Where May Projects be Located?

  • In the geographic boundary of the Coast Salmon Partnership, which includes any watershed between Cape Flattery and Cape Disappointment that drains directly into the Pacific Ocean


  • In the geographic boundary of one of the four Coastal Marine Resource Committees (North Pacific Coast [includes portions of Clallam and Jefferson Counties]; Grays Harbor County; Pacific County; or Wahkiakum County).
Map of Washington's northern coast


Funding comes from the sale of bonds and is awarded every 2 years.

Grant Limits

There are no requirements for minimum requests. The maximum request is $2 million.

Match Details

No match is required, though it is encouraged.

Eligible Projects

  • Acquisition: Purchase of land, access, or other property rights in fee title or less than fee, such as conservation easements
  • Restoration: Projects that bring a site back to its original, historic function as part of a natural ecosystem, or improve or enhance the ecological functionality of a site. Restoration projects may include elements such as fish passage, diversion, habitat improvements, beaver reintroduction, knotweed control, stewardship, stream bank stabilization and plantings, erosion control, water conservation, and road decommissioning.
  • Planning: Assessments and inventories
  • Knowledge Building Projects: Project where there is a high level of confidence in cost-effective, sustained ecosystem or resiliency benefits, and where experimentation and monitoring could substantially reduce uncertainty and improve project effectiveness and efficiency
  • Combination Projects: Projects that include acquisition and either restoration or planning elements

Ineligible Projects

  • Acquisition through eminent domain
  • Acquisitions, work, or materials purchased before the project agreement start date
  • Building or indoor facility construction
  • Converting from septic to sewage treatment systems
  • Costs to apply for other grants
  • Effectiveness monitoring costs
  • Environmental cleanup of soils or materials contaminated above levels in the Model Toxics Control Act
  • Fish harvest and harvest management activities
  • Fishing license buy-back
  • Infrastructure elements, such as sewer treatment facilities, surface and stormwater management systems, flood management structures, and water supply systems
  • Land leases, except for projects on state-owned aquatic lands
  • Lobbying or legislative activities
  • Maintenance as stand-alone projects
  • Mitigation projects, activities, or funds
  • Operation or construction of fish hatcheries, net pens, artificial rearing facilities, remote site incubation systems, and supplementation
  • Operation of hydropower facilities
  • Park facilities or structures
  • Projects that do not address an important habitat condition or natural process, or that focus mainly on supplying a secondary need
  • Projects with the primary objective of providing recreational access or remediating chemical contamination
  • Purchase of existing structures that are not essential to the functions or operation and maintenance of the funded site
  • Work that relieves obligatory compensation or mitigation requirements

The Process

Funding is based upon the scoring and ranking recommendations of the Technical Review Panel. 

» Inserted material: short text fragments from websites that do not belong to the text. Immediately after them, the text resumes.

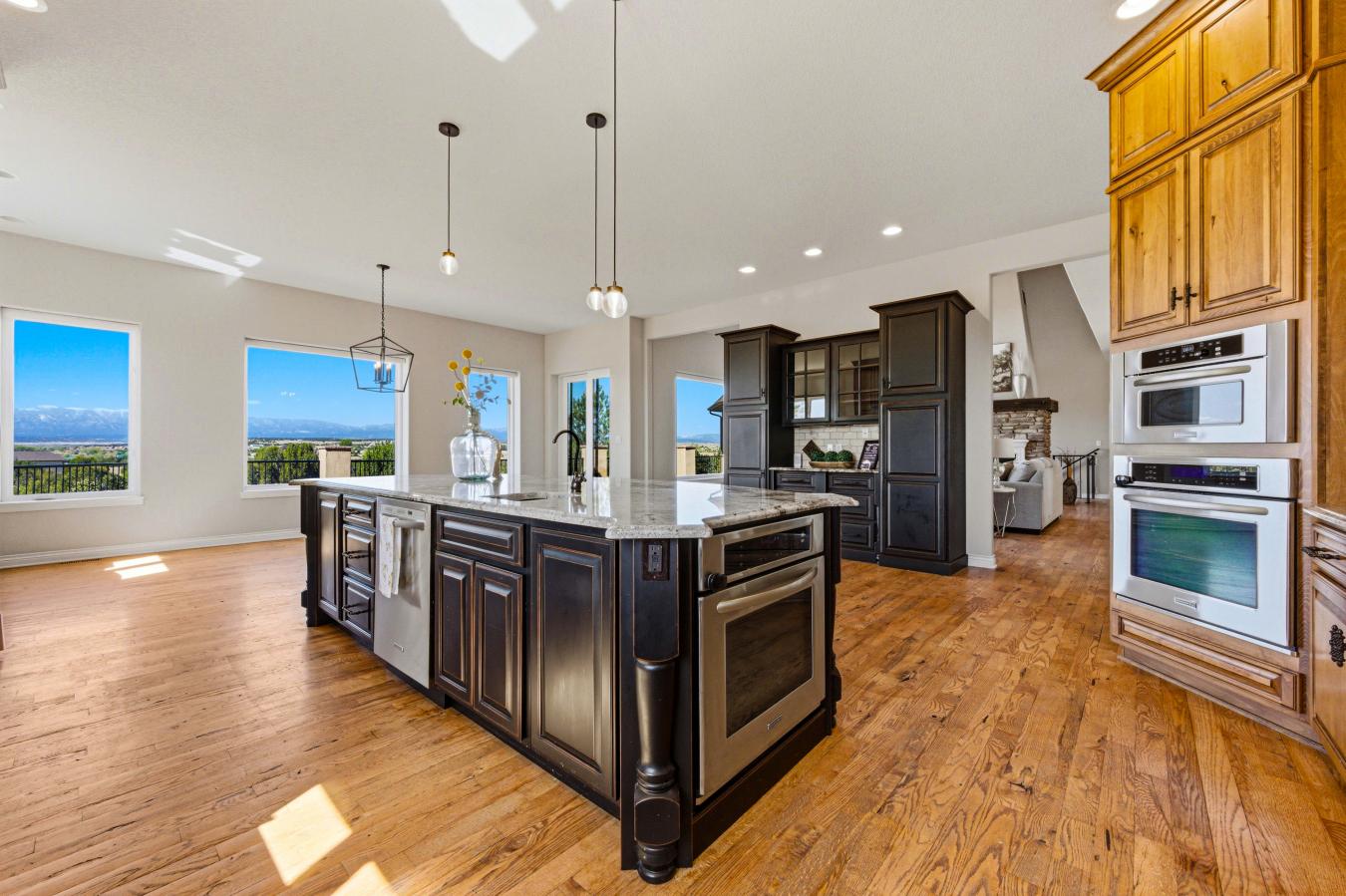Pueblo, Colorado, 81004, United States, 7 Bedrooms Bedrooms, ,6 BathroomsBathrooms,Residential,For Sale,2049909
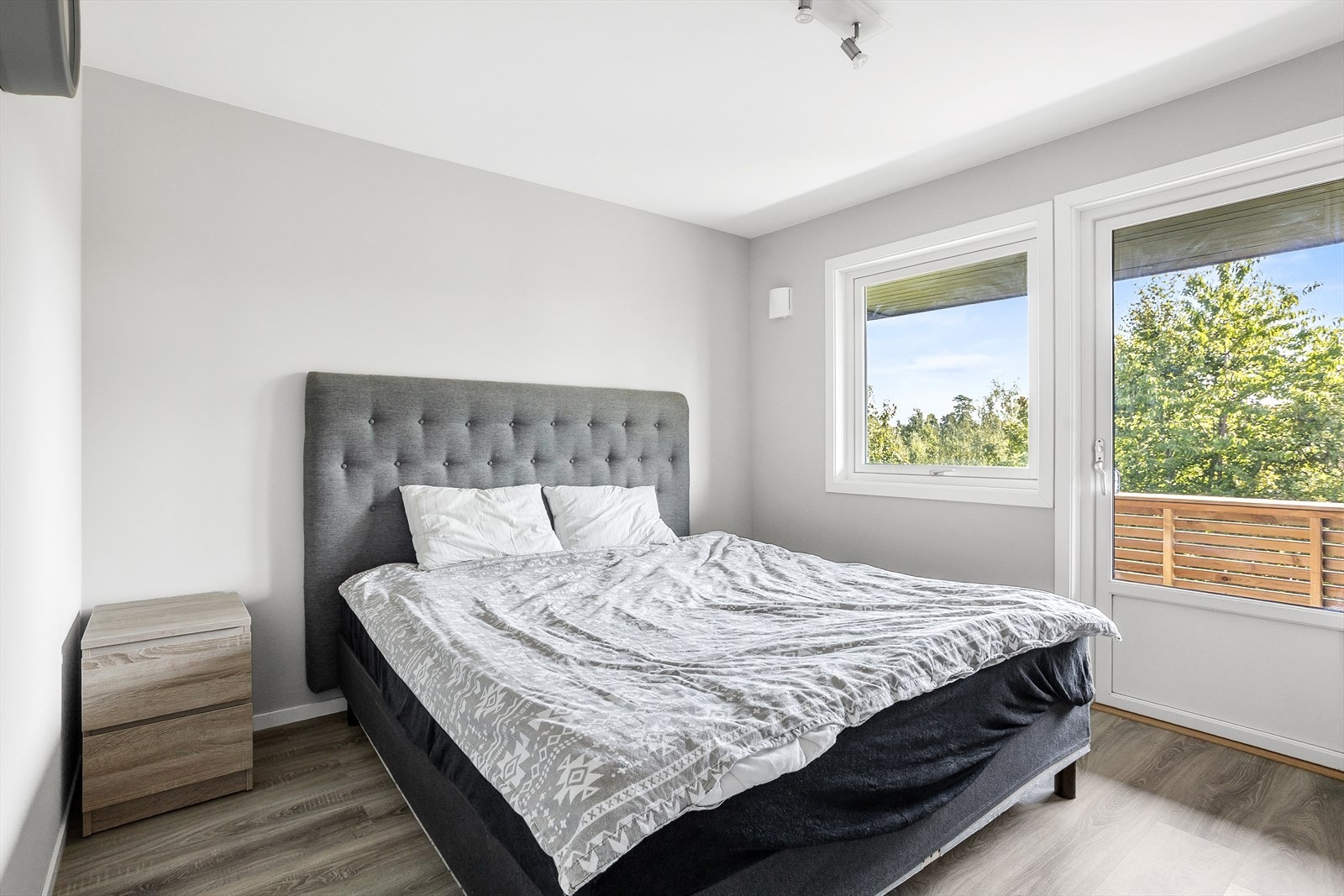 Utsikt mot det grønne og dør rett ut i det fri. Galleribilde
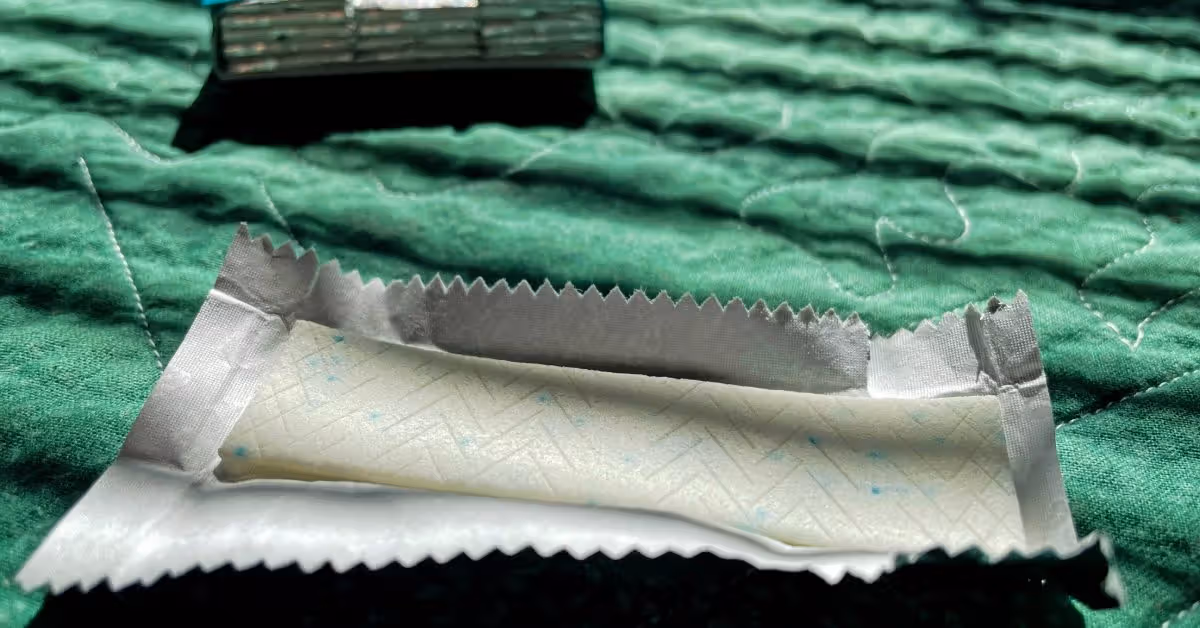 Un édulcorant de chewing-gum populaire lié à un risque plus élevé de crise cardiaque, selon une étude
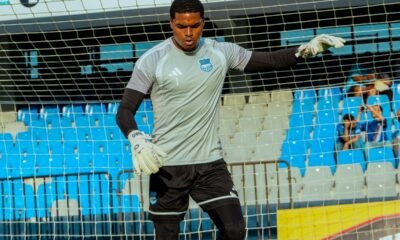 Mario Valero, de Emelec, calienta para el partido ante Leones FC. Foto: Emelec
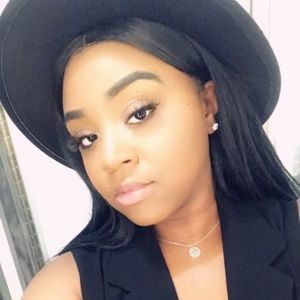 Meet your Posher, Ronesha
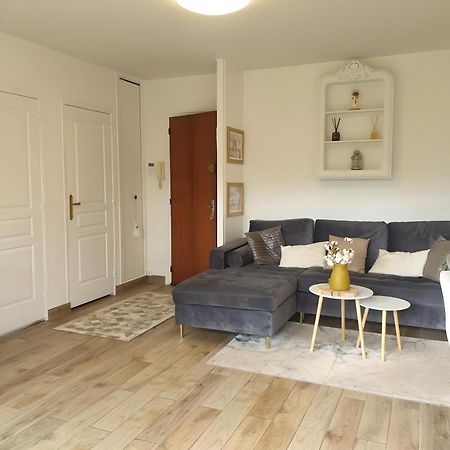 Appartement Avec Jardin Prive - 2 A 4 Voyageur Chaville Exterior photo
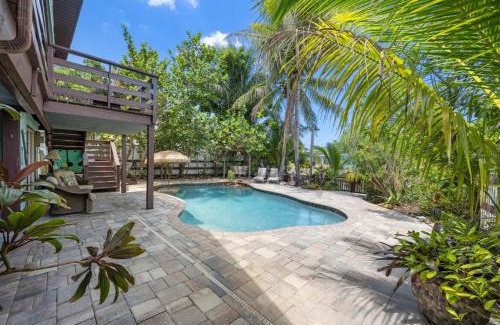 North Naples House | Gulf Access Waterfront Oasis with Heated Pool! Near Beach & Mercato!
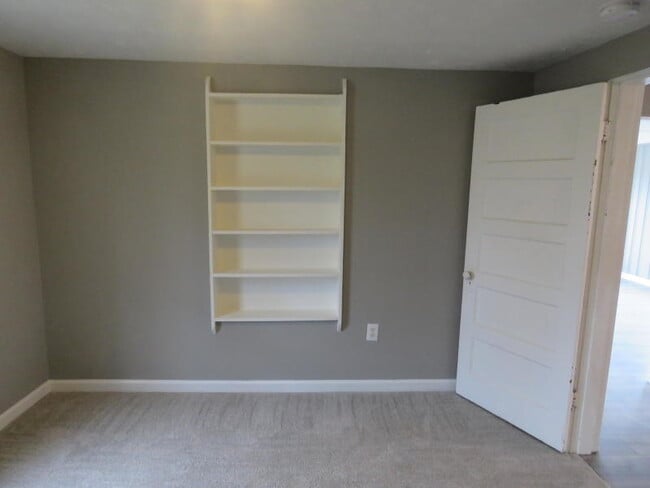 Building Photo - 106 Persimmon Way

The panel reviews project applications to ensure that the projects create actual environmental and job benefits, have costs that do not outweigh the anticipated benefits, and have a high likelihood of being successful. To do so, team members review applications, visit project sites, and provide feedback to grant applicants.

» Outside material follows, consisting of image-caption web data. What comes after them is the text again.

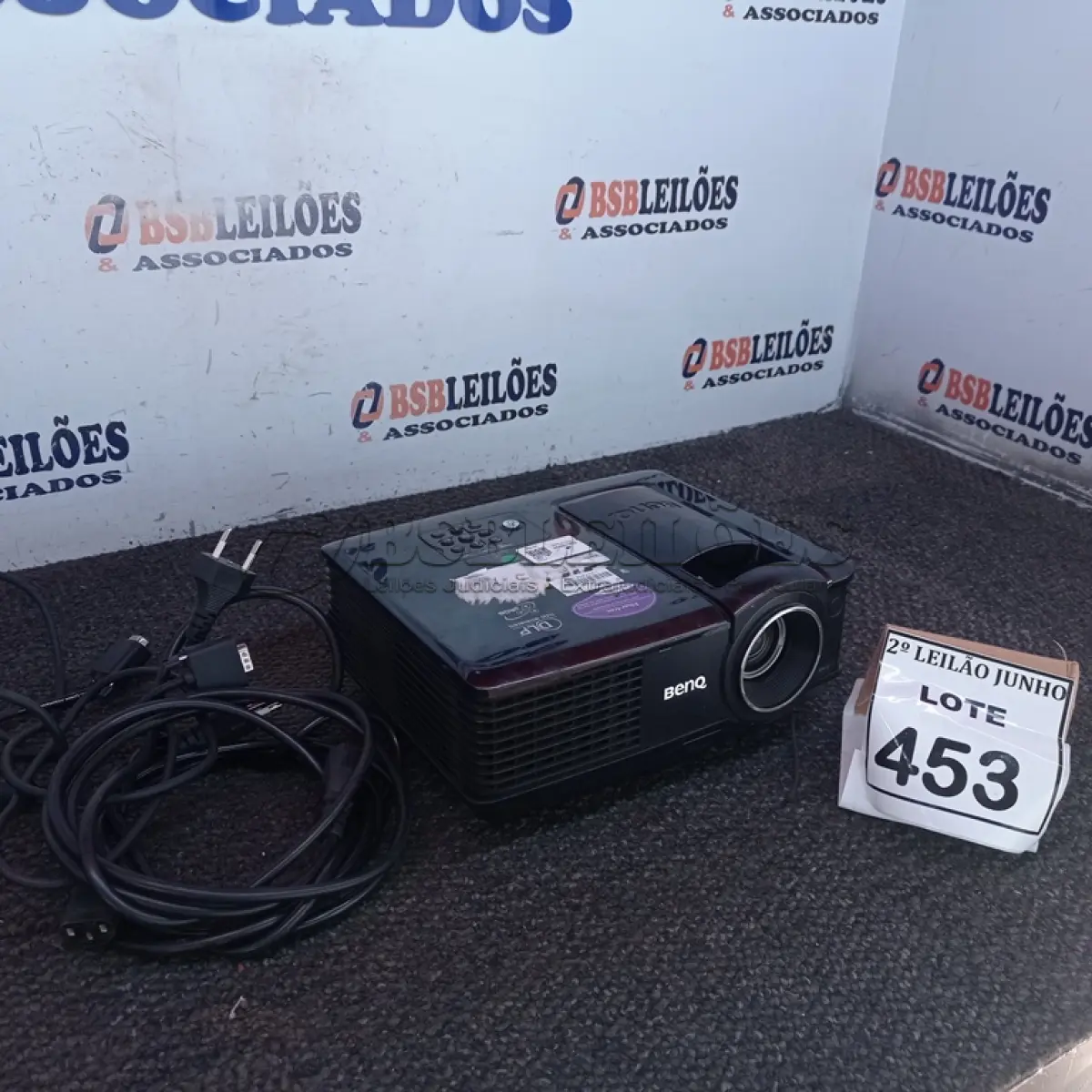 LOTE 453 - 01 PROJETOR MULTIMIDIA 220W MARCA BENQ. (NO ESTADO) ATENÇÃO! FAZER A VISITAÇÃO ANTES DE ARREMATAR, NÃO SABEMOS SE FUNCIONA, LEILÃO NÃO TEM GARANTIA E NEM DEVOLUÇÃO, SUJEITO A POSSÍVEIS AVARIAS VISÍVEIS/OCULTAS E/OU AUSÊNCIA DE COMPONENTES.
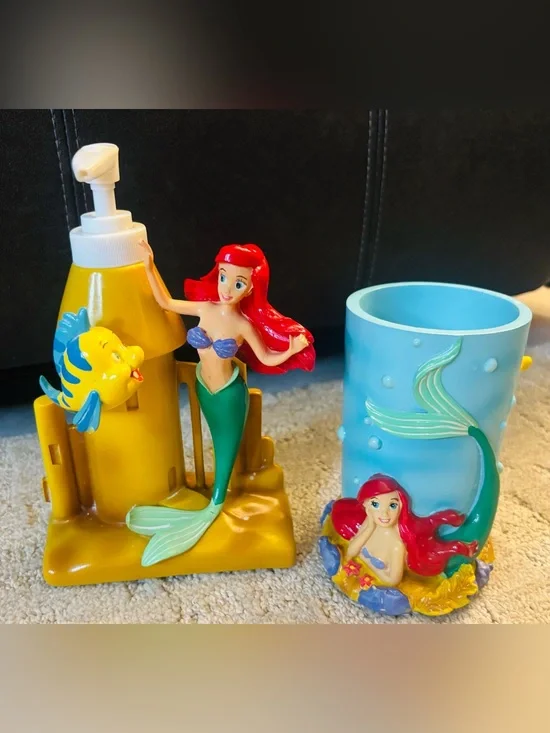 Vintage Disney Little Mermaid Soap Dispenser & Toothbrush Holder/Tumbler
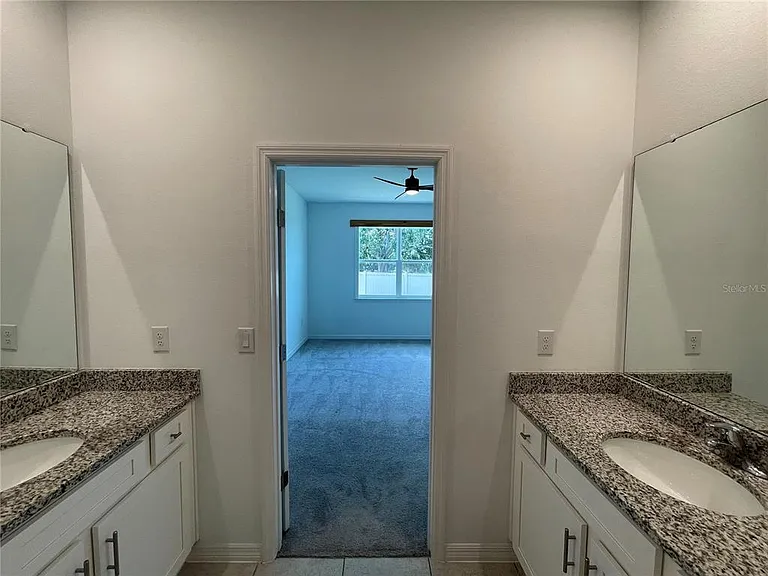 689 Crown Rose Dr — Photo 39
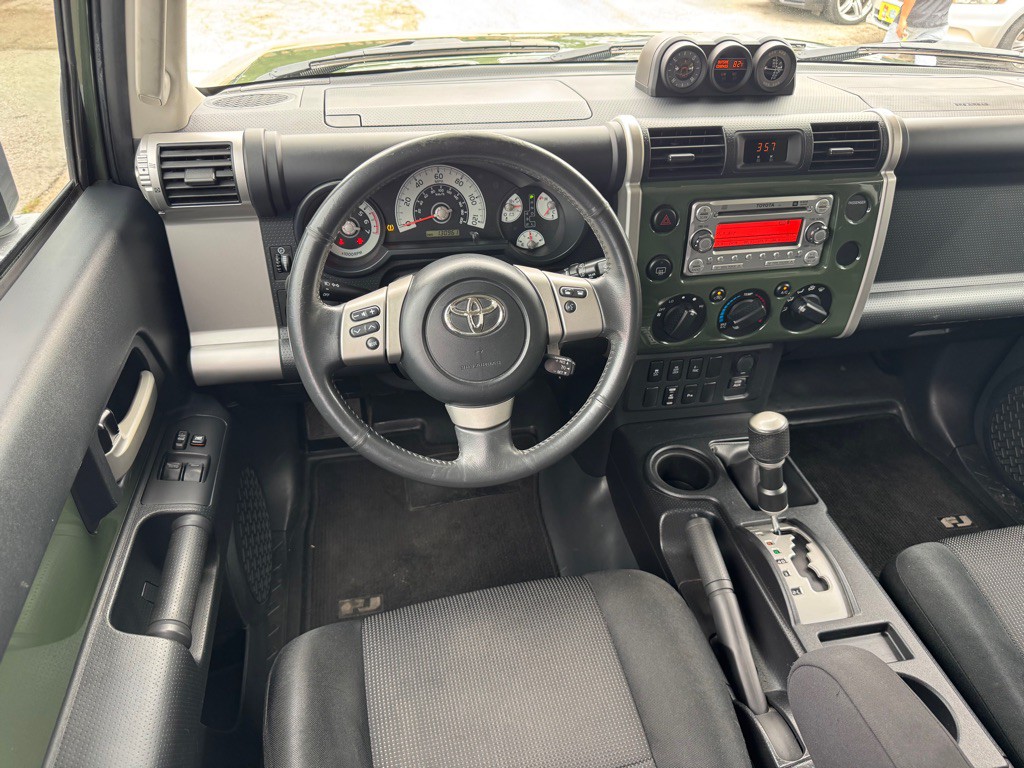 2011 Toyota FJ Cruiser Image 11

The grants are submitted to the state Legislature for funding consideration.

Project Length

Grant recipients should complete projects within 2 years. Projects may be as long as 4 years.

Long-term Commitment

Acquisitions, including water right acquisition, must be forever.

Landowners are required to maintain unimpeded fish passage at the project site forever.

Other long-term obligations may be found in the project agreement and Manual 7: Long-Term Obligations.